九州大学の研究グループは,金属容器に充填された水素が壁を透過し,内部が真空になる現象を確認した(ニュースリリース)。
日本では,燃料電池自動車(FCV)の商用販売開始が間近にせまり,FCV に水素を供給する水素ステーションの建設が進められている。水素は物質を透過しやすく,漏れやすいため,各種構造材料内における水素の透過率をデータベースとして整備する必要がある。
研究グループは,水素利用機器に使用される金属材料の透過率を簡易的に測定する方法を開発し,ステンレス SUS316L 及びインコネル 625 をコイル状にした容器を使って,種々の温度条件で透過率の測定を行なった。
測定方法として,先述のコイルを所定の温度に保ったまま,水素を一定流量で流し,コイルの周りには窒素ガスを流してコイルの壁を通過して漏れてくる水素の濃度を測定すると共に,コイルに水素を充填してバルブを閉じて内部の圧力をモニタし,その圧力の減少速度から水素の透過率を計算した。
その中で,300℃以上の高温で,初期圧力 0.7MPa(7気圧)で充填した水素が容器の壁を透過して周囲の大気圧の窒素ガスに拡散し,10~50 時間後,容器内部の圧力が最終的に10Pa(1万分の1気圧)のほぼ真空にまで減少することが確認された。
これは,水素分子が容器の金属材料の表面で水素原子に分解され,材料の中を拡散し,反対側の表面で再び分子に戻ったもの。容器外側には窒素が流してあるので,水素の分圧はほとんどゼロとなり,容器の内側から外側に向かって水素の拡散が進行する。

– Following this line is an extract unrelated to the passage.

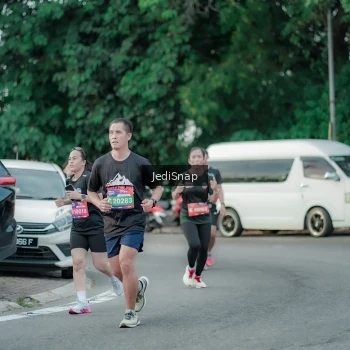 Runner Photo 3886950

容器の外側の窒素分子は壁を透過できないので,容器内の水素の外側への透過のみが一方向的に進行する。
このように,容器内外の水素の分圧高温で水素が金属壁を透過する現象は一般的によく知られているが,容器内部の圧力が真空になる現象はこれまでに報告されていなかった。
今回,水素の透過量を簡便に,かつ精度よく測定する方法が確立できたので,他の水素機器用の金属材料の透過率を測定し,データベースとして構築することで安全設計に活用することができるとしている。